The couple are both recovering from substance abuse disorders, and every day is a struggle to stay safe, warm and fed.

“I can't pay $800, $900 for a bedroom, for a two bedroom apartment," said Smith. "I can't do it. I have two kids that I take care of. My son just joined the Air Force, so I don't have to worry about him right now. But my daughter lives in New Hampshire. You know, I haven't seen her in three years because everything has been such a struggle. And what am I supposed to do? I can't put my daughter in a tent. I can't have her come down and visit me and stuff like that. So it would be nice if like, Pittsfield stepped up for people like us, and got rooming houses and put stuff like that to where we can afford it, you know? I could do $100 a week, $400 a month, something like that.”

Smith says they haven’t been contacted by the city’s service providers about their situation.
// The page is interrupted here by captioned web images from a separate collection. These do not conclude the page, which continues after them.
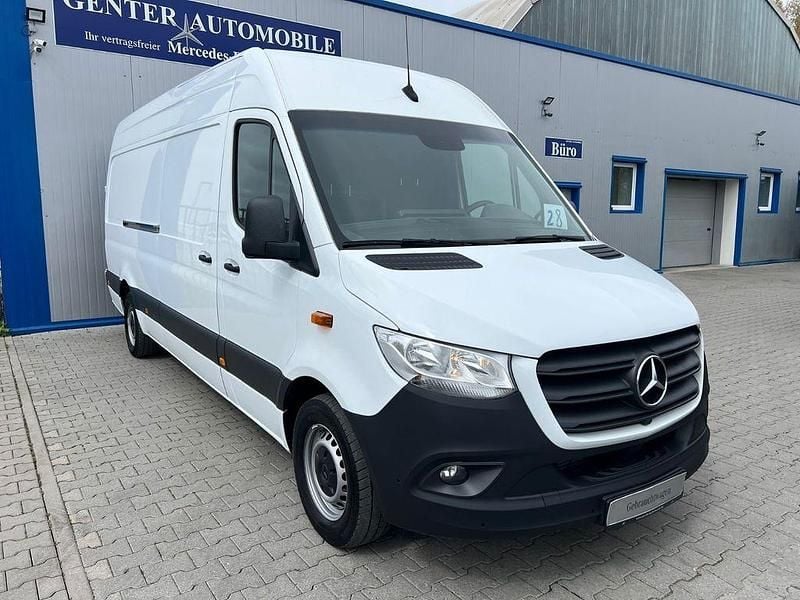 Second-hand Mercedes Sprinter 163 CP (119 kW) 2019 Alb Van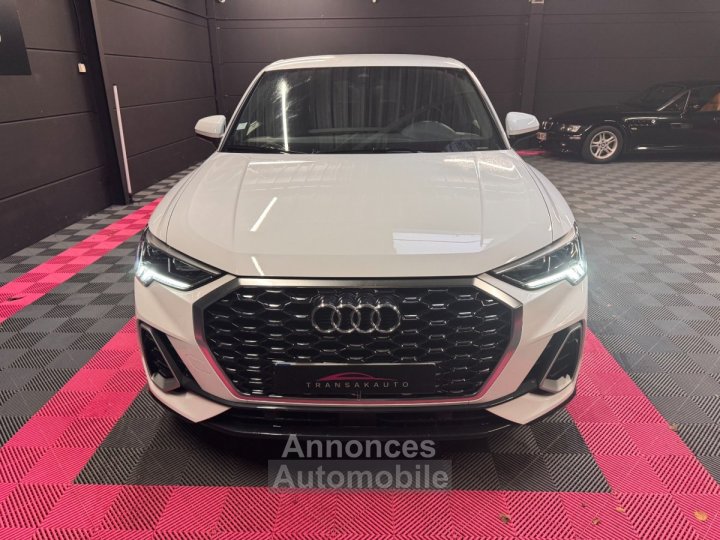 Audi Q3 Sportback 35 TDI 150 ch S tronic 7 S line - 9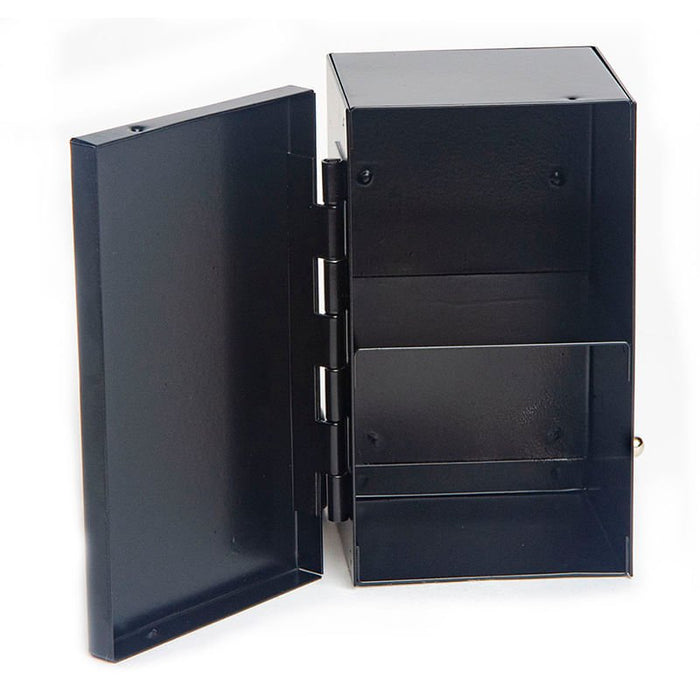 Little Buster Upright Show Box w/Dolly, Black - LB12V - 4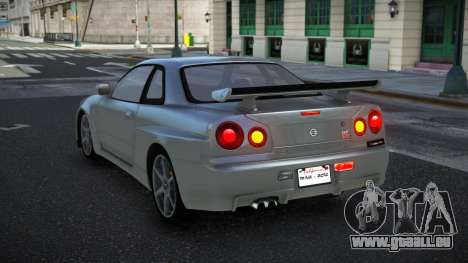 Nissan Skyline R34 Cuglu pour GTA 4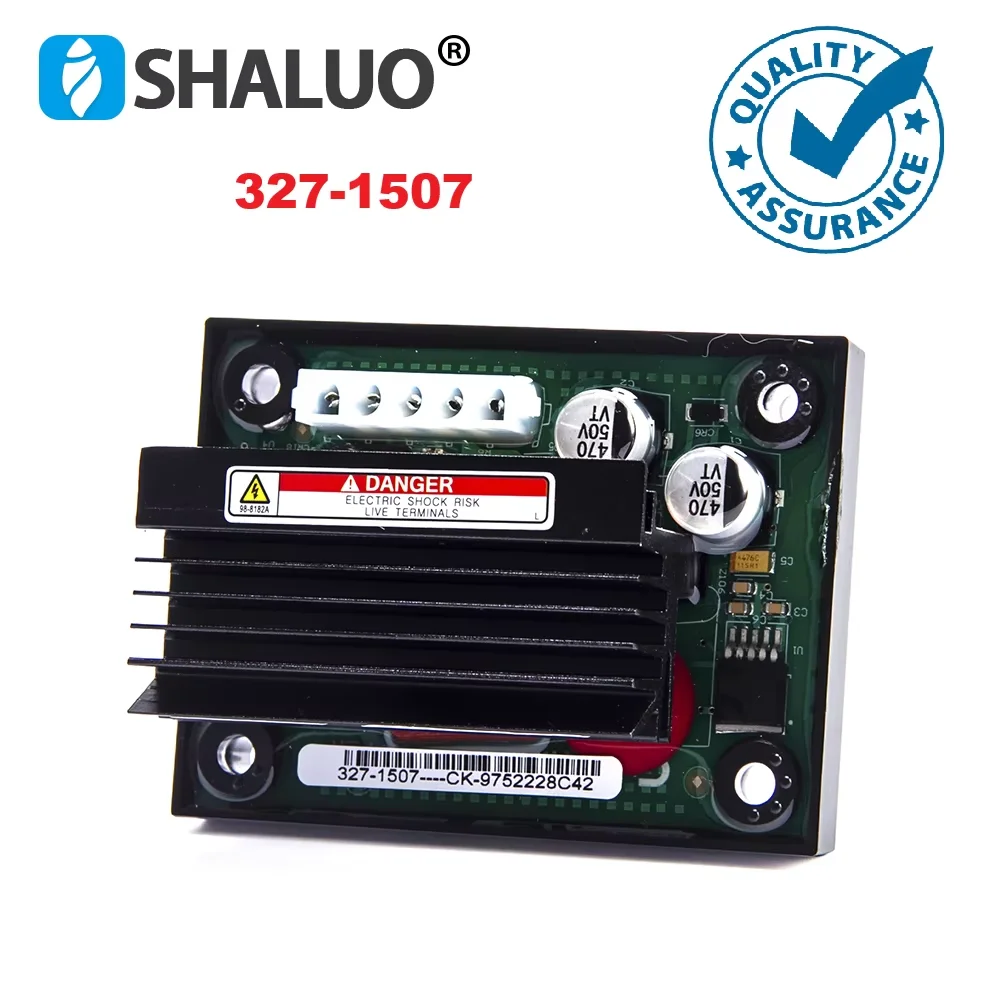 CUMMS 327-1507 Diesel Engine Speed Controller Speed Control Board PCB Assembly Diesel Generator Parts 3271507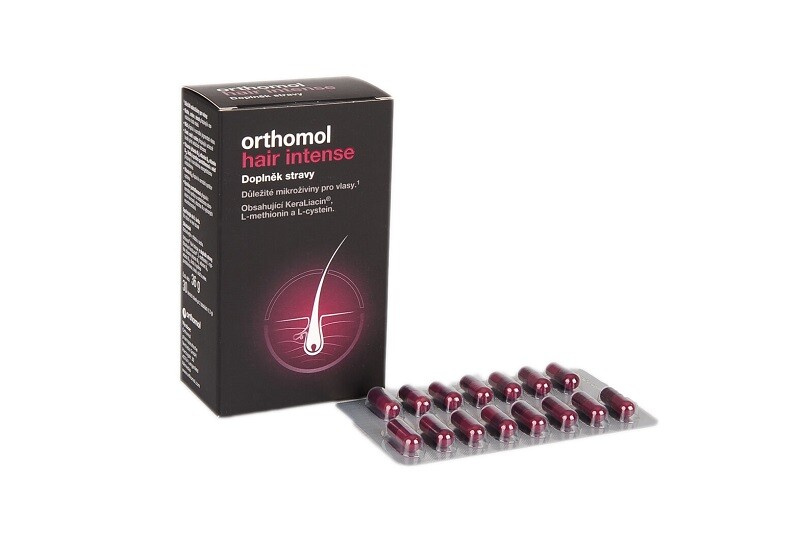 ORTHOMOL Hair Intense 60 tobolek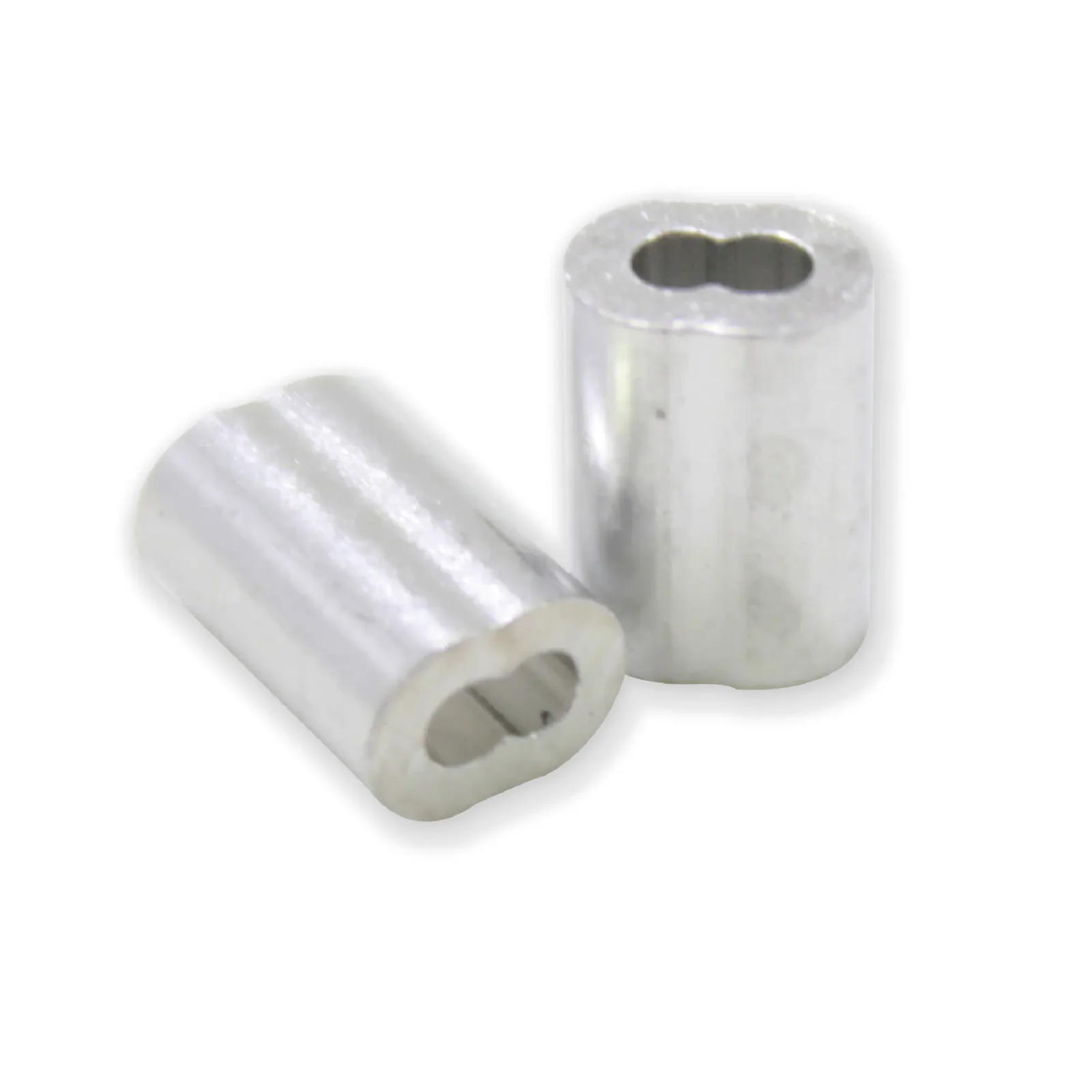 CASQUILLOS PARA CABLE DE ACERO DE 1/16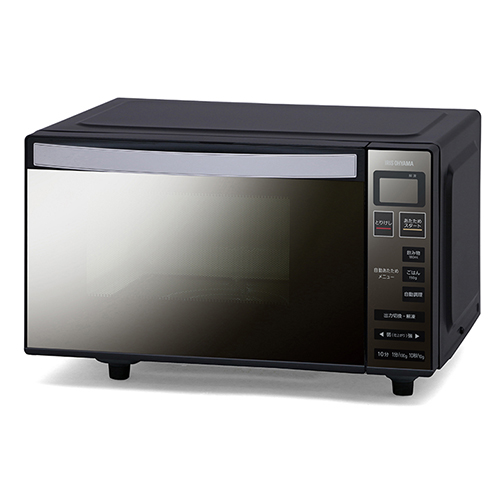 アイリスオーヤマ 電子レンジ18L IMB-FM1805-B ブラックの通販
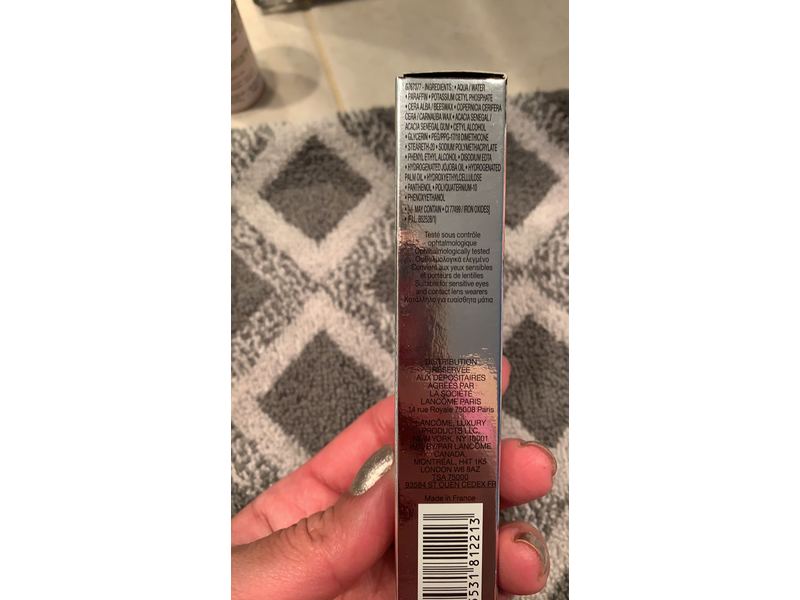 Lancome Hypnose Drama Instant Full Body Volume Mascara, 01 Excessive Black, 0.21 fl oz/6.5 ml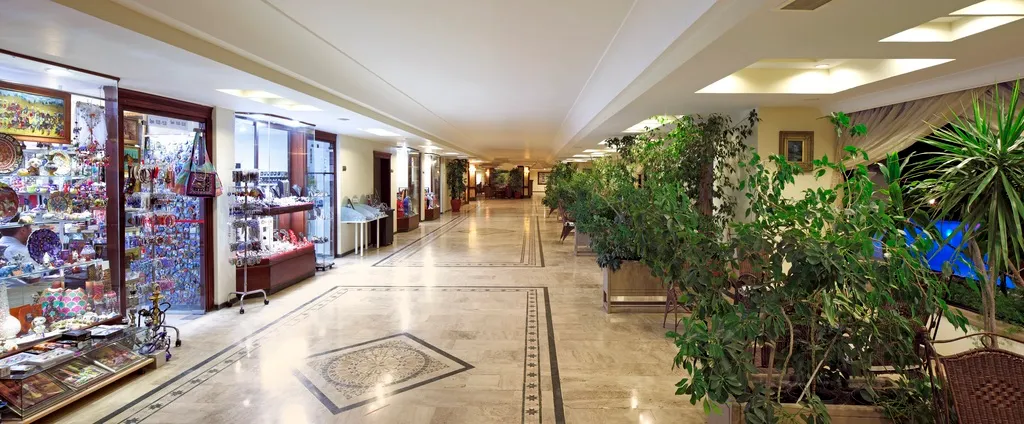 Lobby, Kadikale Resort Spa, Bodrum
“It’s a shame," he said. "It really is a shame that it's come to this, because nobody should be living in a tent in the middle of the wintertime. It shouldn't be happening, you know, and like I said, at least I have a place to cover, to lay down. I have something over my head right now. Like I said, it's not the most ideal situation. But at least my fiancé has somewhere to go. You know, she doesn't have to walk around the street struggling, trying to figure out where she's going to go, or the two of us being separated, and her being in one spot and me being in one spot.”

For its part, Pittsfield says it’s been working with to provide unhoused people with services, find them apartments and steer them toward city shelters – including the emergency facility at the St. Joseph High School building downtown.

With forecasts of the season’s first major storm projected to dump over a foot of snow on the Berkshires, Smith – who works in construction, sometimes for upwards of 12 hours a day – says he feels despondent.

“I work, you know, 40, 50 hours a week, which doesn't do anything for my fiancé or for me to even afford a place to live right now, you know," he told WAMC. "And I just I don't know what else to do right now. It's, it's hard. It's, it's hard. And then wintertime is coming, you know. It's here. So it- We're living in a tent with no heat. So it's, this is crazy. I don't, I don't know what else to do right now. I really don't. I'm doing the best I can right now for everything that I have. You know, hopefully things are going start picking up with work, and stuff like that. But it doesn't seem like things are starting to get easier. It kind of seems like it's getting harder and harder.”